Re: [PATCH V3 2/5] misc: mlx5ctl: Add mlx5ctl misc driver

From: Jason Gunthorpe
Date: Wed Nov 29 2023 - 13:07:50 EST


On Wed, Nov 29, 2023 at 03:41:54PM +0000, Greg Kroah-Hartman wrote:

> Ugh, you are right, I was wrong, there is no reference count here, using
> a miscdevice _requires_ you to have a separate reference count, like you
> all did. My fault.

I think we did not do a good job conveying that several experienced
people have looked at this internally already. I see you noticed a few
things we missed, but this is not unreviewed garbage code. We have
different opionions on how some of these things should work but none
of them are what I'd consider unlinuxy or wrong.

> > > Just make it simple and use a normal mutex please.
> >
> > A normal mutex would make the entire ioctl interface single threaded,
> > this is not desirable.
>
> Why not? It's an ioctl for a single device, surely this isn't
> performance criticial.

The RPCs to the FW can take a long time to execute and the "single
device" is really a multi-threaded CPU complex on the other
side. Being able to submit any commands for (say) 0.5s while one
thread chews on something is not desirable.

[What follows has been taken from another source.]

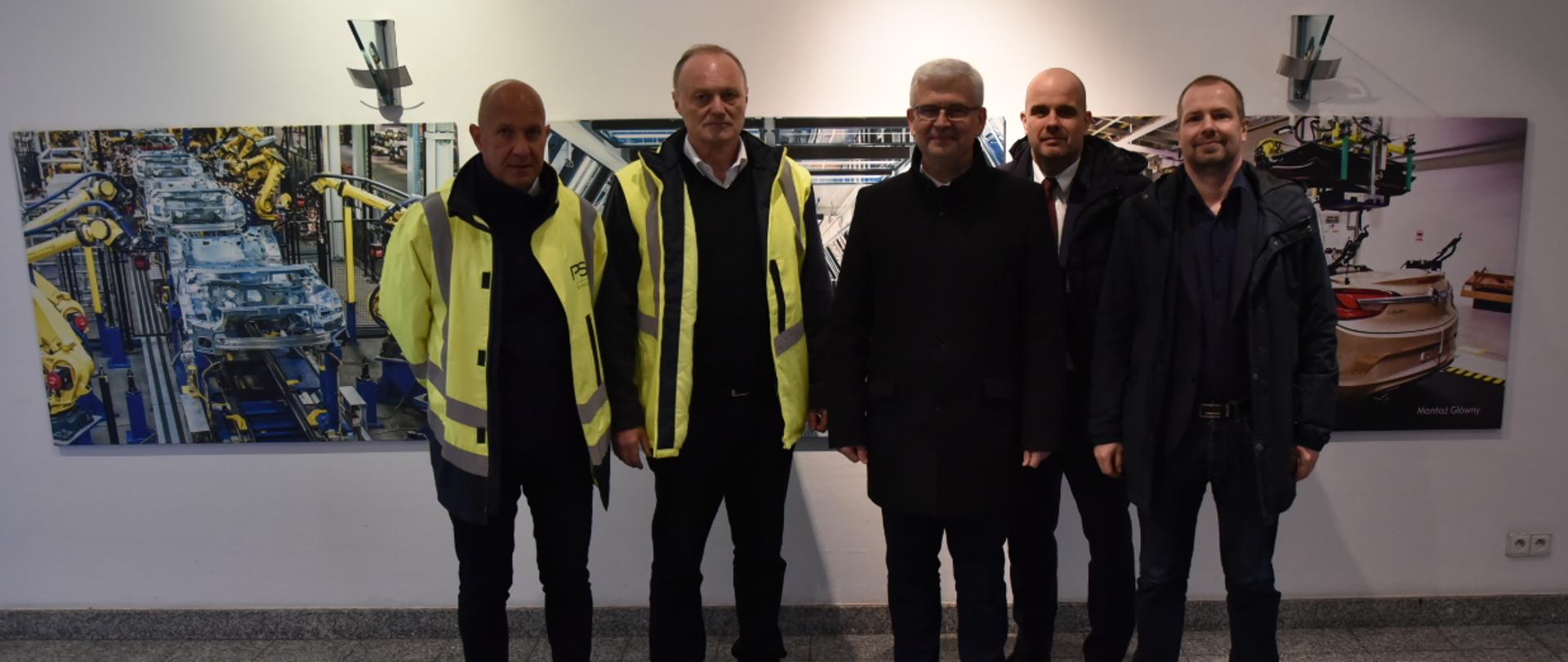 wiceminister klimatu i środowiska Ireneusz Zyska z wizytą w zakładach Stellantis w Gliwicach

> And then only grab it when needed, on read/write/ioctl path it
> shouldn't be needed at all due to the proper reference counting of
> the structures. Only on open/close, right?

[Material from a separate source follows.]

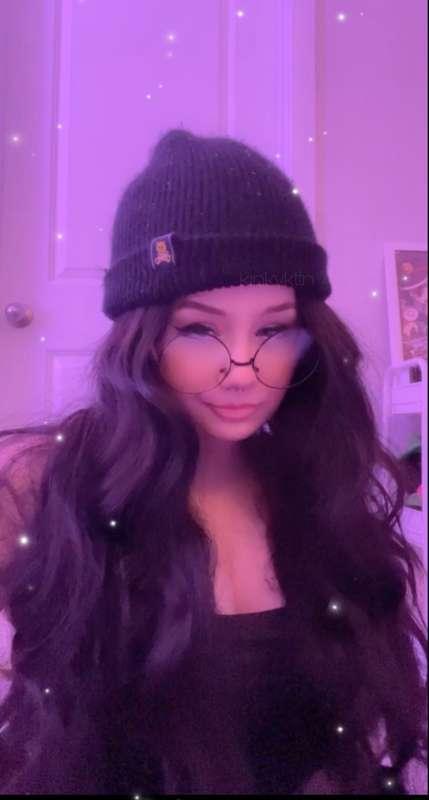 first face pic ♡ 

can i get some worship ? 🥺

No - this lock is protecting the mcdev->mdev from being freed. If the
read side is held then mcdev->mdev cannot be freed. This is not a
fully refcounted object because the mdev is actually the device
underlying the aux device and it will be logically destroyed after the
aux device_driver remove() function returns.

The purpose of the rwlock is to ensure that the remove() function does
not return until all threads have completed using the mdev. Once
remove proceeds the read side of the lock will observe mdev==NULL and
fail all operations until the FD is closed. The refcount keeps the
memory underpinning the basic operation of the FD alive after remove()
until the FD finally closes.

At least for the purposes of this driver it is how it has to be. I
agree the mdev API surface that requires some of this may not be the
best it can be.

> And again, for a rw semaphore, benchmarks matter, often, if not almost
> always, a normal mutex is faster for stuff like this. If not, then a
> benchmark will show it.

We are not talking about micro differences in lock/unlock cost here.
This is obviously better because of how much time the lock will stay
locked while executing RPCs and sleeping waiting for interrupts back
from FW. We are talking >> 100's of ms of time spent locked while
executing FW RPCs.

> > We've been over this already, the devlink discussion is about some
> > configuration stuff.
>
> It was? I see device-specific diagonostic data for the mlx5 driver
> being exported through devlink today, that's not configuration. Why not
> just add more?

Today mlx5 has a bunch of debuggables:
- counters, even some device specific counters. Both in RDMA and
netdev objects exposed through netlink and sysfs
- A "core dump" mechanism through devlink
- Some debugfs stuff, but we are now aware of serious problems with it
- Some "devlink parameters" which configure a limited set of things

These are not "interactive". Yes we can add more counters, more
parameters and more stuff to the core dump, but that isn't what I mean
by debugging.

This is a complex device, it has processors on the other side running
a lot of software. A primary purpose of this design is to allow
bi-directional communication with debug agents in the FW.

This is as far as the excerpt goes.